On the one hand, this is simply a way rally their base - which is predominantly older, white men. These man did not grow up with the same sexual mores that today's kids (hopefully) do. This generation is having sex later, drinking and doing drugs less and having fewer unwanted pregnancies. Potentially, that means fewer incidents like the one alleged to happen between Blassy Ford and Kavanaugh.
But this is about power. Rape, for that matter, is about power. The ability of white men - especially from bastions of privilege like Georgetown Prep and Yale - to escape consequences for their actions is ending. You're damned right that will be scary for them.
My own feelings looking back at my time in the '80s (I'm a few years younger than Kavanaugh) makes me wonder. I am 100% certain I never pushed through a "No." I never did what Blassey Ford accuses Kavanaugh of doing. But I'm a large man. Did I make a woman uncomfortable? Just by being a large man? Perhaps.
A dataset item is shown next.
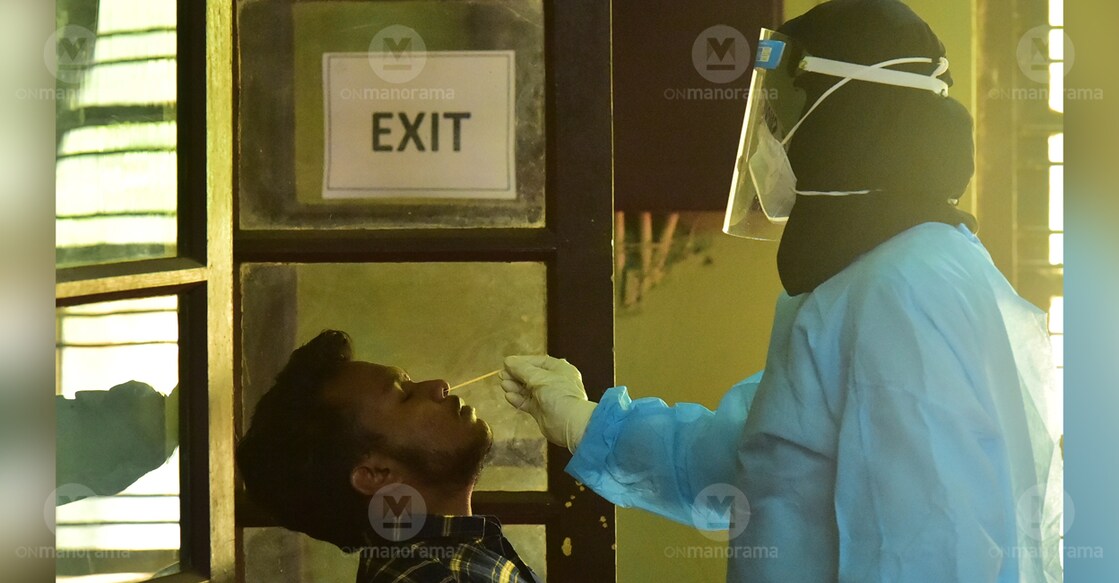 A medical staff member taking a swab sample from a person for testing. Photo: Sameer A Hameed/Manorama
But if I want to be a better version of myself, I need to wrestle with that. If a woman accused me of making her uncomfortable at a party 30 years ago, I would want to apologize and make any gestures of restitution that she might require.
That's not what Kavanaugh even tried to do. It's not what Trump would do. Or Weinstein or Cosby or any of them.
That's the tell. This is about power, and keeping that power in the hands of white men.